Przejdź do głównych treściPrzejdź do wyszukiwarkiPrzejdź do głównego menu
sobota, 13 grudnia 2025 07:30
Reklama Hipol

Zostanie w górach

Waldek Graj, 37-letni alpinista z Oławy, zginął 22 sierpnia 2008, podczas samotnego ataku na siedmiotysięcznik Chan Tengri (7010 m n.p.m.). Od tej tragedii minął rok. Mimo zabiegów i starań rodziny, ciało alpinisty do dziś znajduje się wysoko w górach i prawdopodobnie tam zostanie. Symboliczny pogrzeb odbędzie się 22 sierpnia w Oławie, na cmentarzu przy ulicy Zwierzynieckiej
Podziel się
Oceń

Symboliczne pożegnanie

To miała być kolejna wyprawa, kolejny siedmiotysięcznik na liście szczytów zdobytych przez oławianina. Góry były jego wielką pasją i radością. Opowiadał nam o swoich wyprawach.
Tym razem był liderem pięcioosobowej ekipy. Znał zasady i granice, obowiązujące w świecie gór. Coś jednak zawiodło. Wbrew regułom zdecydował się na samotne zaatakowanie szczytu. Dlaczego? Przyjaciele i współtowarzysze wyprawy do dziś nie potrafią zrozumieć i odpowiedzieć na to pytanie, zwłaszcza że miał do kogo wracać. W domu czekała na niego żona z dwoma synami.

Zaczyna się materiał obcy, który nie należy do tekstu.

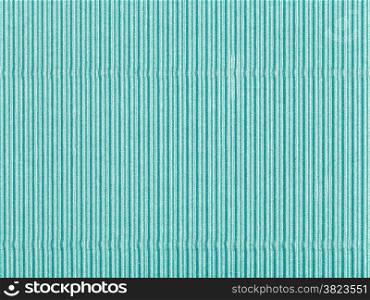 background from sheet of corrugated shiny green color paper close up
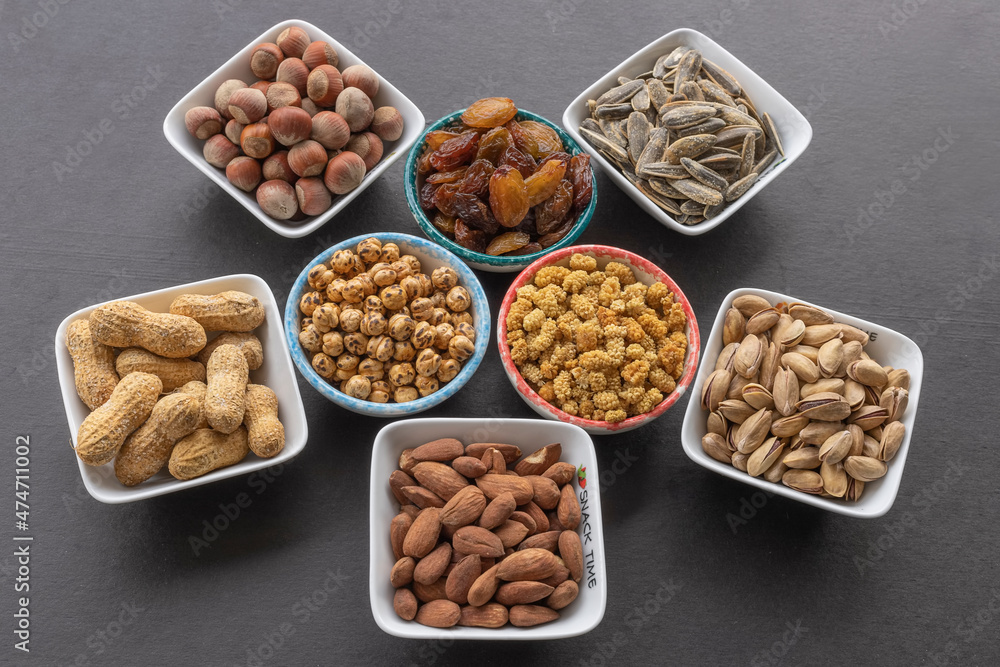 Almond in selective focus. Dried mulberry, hazelnut, pistachio, grape, pistachio, yellow chickpea and sunflower seeds in the background. Almond in selective focus. Dried mulberry, hazelnut, pistachio, grape, pistachio, yellow chickpea and sunflower seeds in the background.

Jeszcze więcej pytań bez odpowiedzi budzi nieudana akcja ratunkowa. Nadal nie wiadomo, dlaczego ekipa ratunkowa, która  ponoć wyruszyła z bazy, by pomóc Waldkowi, nie dotarła do niego. Dlaczego umierający alpinista pozostał tylko w rękach księdza, członka wyprawy...

Ta wyprawa nie miała być ostatnia

Wiadomość o śmierci Waldka była dla jego bliskich wielkim ciosem, ale to dopiero początek piętrzących się problemów. Na pieniądze z ubezpieczenia nie było szans. Z ambasady w Kazachstanie przychodziły sprzeczne informacje na temat przebiegu zdarzeń. Okazało się, że ściągnięcie z góry ciała alpinisty wymaga zorganizowania bardzo kosztownej akcji, za którą rodzina musi zapłacić przed wyprawą przynajmniej 24 tys. euro. Nikt jednak nie dawał gwarancji, że zakończy się sukcesem. - Mimo to chcę zrobić wszystko, aby Waldek do nas wrócił i mam nadzieję, że po nagłośnieniu tej sprawy ktoś mi pomoże i doradzi, co robić w tej sytuacji i gdzie szukać pomocy - mówiła po wypadku Alina Graj, żona alpinisty. - Jeżeli nie uda się zgromadzić potrzebnej kwoty, pogodzę się z myślą, że Waldek tam zostanie. Owszem, mówił, że chce zostać w górach, ale to chyba były tylko żarty. To nie miała być jego ostatnia wyprawa...
W zgromadzeniu pieniędzy miał pomóc rodzinie Komitet im. Waldka „Diody” Graja,  założony przez Alinę Graj. Do dziś nie udało się zebrać potrzebnej kwoty. Ale to nie jedyny problem. Nie wiadomo, czy ciało Waldka wciąż jest przypięte do liny asekuracyjnej na wysokości 7.000 m n.p.m. - Wiosną tego roku ambasada w Kazachstanie zaproponowała mi zorganizowanie wyprawy po ciało Waldemara - mówi żona miłośnika gór. - Miałam pokryć koszty wyprawy i zapłacić  8 tys. euro. Odmówiłam. Po pierwsze dlatego, że  wyprawa miała wyruszyć przed sezonem wspinaczkowym, gdy nie było wiadomo, czy ciało Waldemara tam jeszcze jest. Poza tym na wyprawę miała iść ekipa, która już raz zawiodła. Pomoc obiecał mi Jacek Teler, znany polski himalaista. Polska ekipa, która tego lata wchodzi na szczyt Chan Tengri, ma sprawdzić, czy ciało Waldka jest na górze i  zabezpieczyć je. Za rok pójdzie tam Teler i pochowa Waldka w lodowcu. Dzięki ludziom dobrej woli udało się zgromadzić na  koncie komitetu 35 tysięcy złotych. Chcemy je wykorzystać zgodnie z przeznaczeniem.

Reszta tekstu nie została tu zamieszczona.